Two KPMG auditors working on the 1999 audit of Ahold's U.S. Foodservice unit missed several instances of improper revenue recognition a year before an $800-million revenue overstatement scheme began at the company, regulators charged on Thursday.

Auditors Kevin Hall and Rosemary Meyer "discovered that U.S. Foodservice had recognized substantial unearned prepayments" that "explicitly contradicted USF management's repeated representations that USF did not obtain vendor prepayments," said a U.S. Securities and Exchange Commission complaint alleging misconduct.

The scheme that caused U.S. Foodservice and Ahold to overstate earnings from 2000 to 2003 involved vendors signing false confirmations to U.S. Foodservice auditors. The confirmations overstated millions of dollars in rebates either earned by or owed to the company.

Hall and Meyer failed to recognize or act on "red flags," the SEC alleged in a case to be heard by an administrative law judge.

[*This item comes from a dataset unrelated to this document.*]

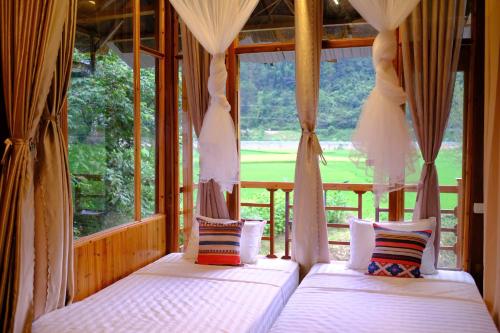 Mù Cang ChảiにあるChải Eco Homeの大きな窓のある部屋にベッドが2つある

Possible sanctions include censure or suspension of the right to audit U.S. public companies.

A spokesman for KPMG -- one of the world's four largest accounting firms -- did not immediately comment on the allegations or say whether the auditors still work for KPMG.

In July of 2004, Timothy Lee and William Carter, former Ahold purchasing executives, pleaded guilty to criminal securities fraud and agreed to cooperate with investigators.

Also in July of 2004, two other defendants, former U.S. Foodservice marketing manager Mark Kaiser and a former finance chief for the unit, Michael Resnick, pleaded not guilty and are awaiting trial on charges of conspiracy and securities fraud in connection with the scandal.

In addition to U.S. Foodservice employees, criminal charges have been brought against 16 U.S. Foodservice vendors for their role in the fraud.

Ahold settled corporate SEC fraud charges in 2004 without paying a fine.